Fuel injection valve 5 is opened by the supply of power to the
solenoid thereof by an injection pulse signal output from a control
unit 20, to inject fuel adjusted to a predetermined pressure.
The air-fuel mixture formed in the combustion chamber is ignited to
burn by an ignition plug 6.
Here, internal combustion engine 1 is not limited to only a direct
cylinder fuel injection type gasoline engine but may be an internal
combustion engine having a constitution in which fuel is injected
into an intake port.
The exhaust gas from engine 1 is emitted through an exhaust pipe 7.

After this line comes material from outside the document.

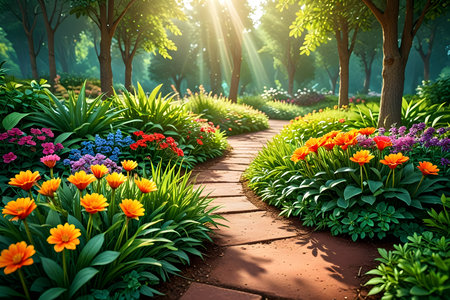 Beautiful flower garden in the morning with sunlight. Nature background.の素材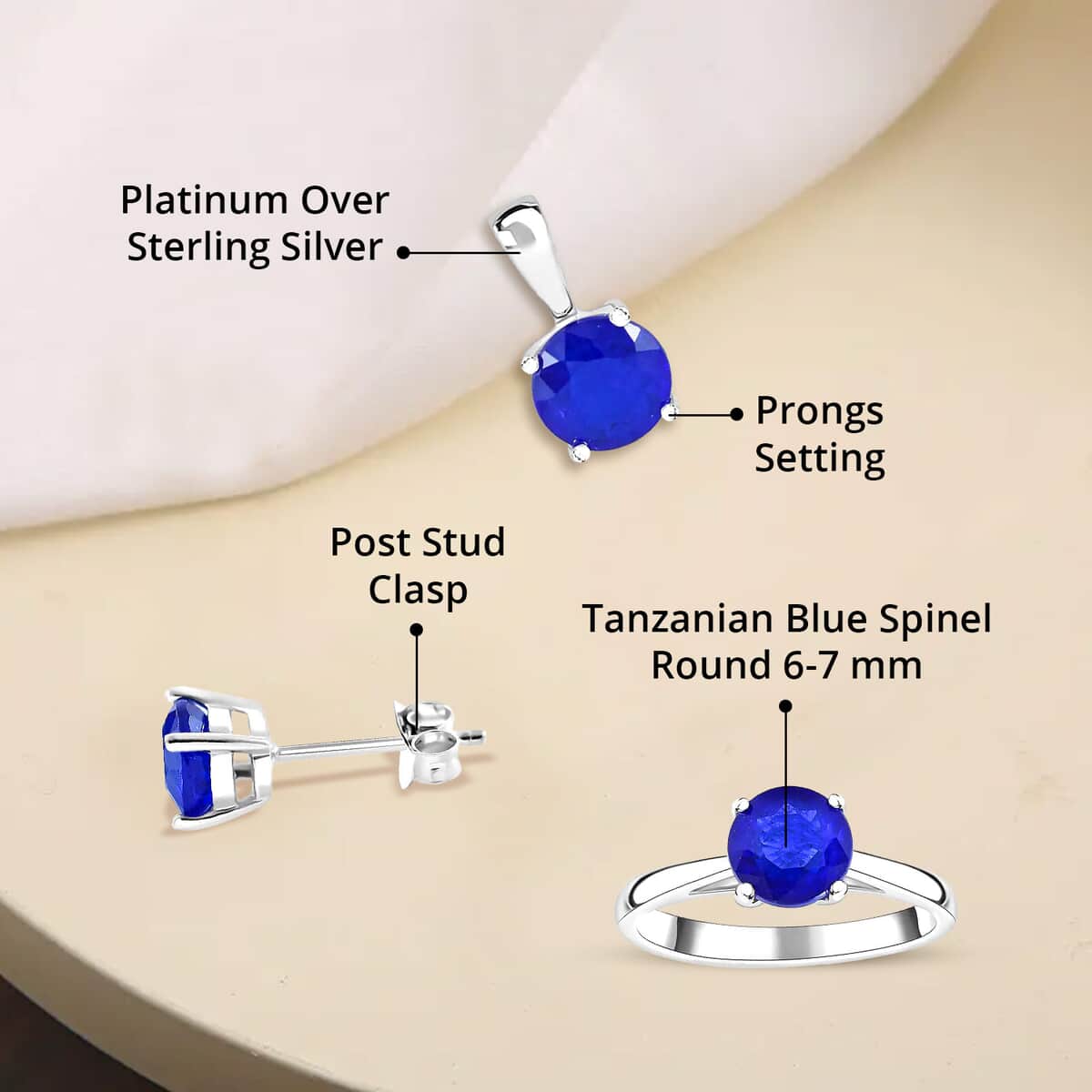 Doorbuster Tanzanian Blue Spinel (DF) Solitaire Stud Earrings, Ring (Size 5.00) and Pendant Necklace 18 Inches in Platinum Over Sterling Silver 5.10 image number 3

Exhaust pipe 7 is provided with a catalytic converter 8 for
purifying the exhaust gas.
Catalytic converter 8 is a three-way catalytic converter having an
ability for storing oxygen, and works to oxidize carbon monoxide CO
and hydrocarbons HC, and works to reduce nitrogen oxide NOx, which
are the three harmful components in the exhaust gas, to convert
them into harmless carbon dioxide, water vapor and nitrogen.
Three-way catalytic converter 8 exhibits the highest purifying
performance when an air-fuel ratio of the exhaust gas is a
stoichiometric air-fuel ratio. When an air-fuel ratio of the
exhaust gas is lean and an oxygen quantity in the exhaust gas is
excessive, the oxidizing action becomes active but the reduction
action becomes inactive. Conversely, when the air-fuel ratio of the
exhaust gas is rich and the oxygen quantity is less, the oxidizing
action becomes inactive but the reduction action becomes
active.
However, since three-way catalytic converter 8 has the ability for
storing oxygen, when the air-fuel ratio of the exhaust gas becomes
temporarily rich, the oxygen that has been stored in three-way
catalytic converter 8 up to that time is used, on the other hand,
when the air-fuel ratio of the exhaust gas becomes temporarily lea,
excess oxygen is stored to maintain the exhaust gas purifying
performance.
Accordingly, in order that nitrogen oxide NOx can be reduced when
the air-fuel ratio is shifted to a lean side from the
stoichiometric air-fuel ratio and that carbon monoxide CO and
hydrocarbons HC can be oxidized when the air-fuel ratio is shifted
to a rich side from the stoichiometric air-fuel ratio, it is
required that the oxygen quantity stored in three-way catalytic
converter 8 is maintained to be about a half the maximum quantity
that can be stored, so that excess oxygen can be newly stored so as
to eliminate and supply oxygen necessary for the oxidation
treatment.
Therefore, control unit 20 estimates the oxygen quantity stored in
the three-way catalytic converter 8 in a predetermined operation
region, to feedback control the fuel injection quantity by fuel
injection valve 5 so that the air-fuel ratio is shifted to be lean
to increase the oxygen quantity when the estimation value of oxygen
quantity is less than a target quantity, and conversely, the
air-fuel ratio is shifted to be rich to decrease the oxygen
quantity by eliminating excess oxygen when the estimation value of
oxygen quantity is larger than the target quantity.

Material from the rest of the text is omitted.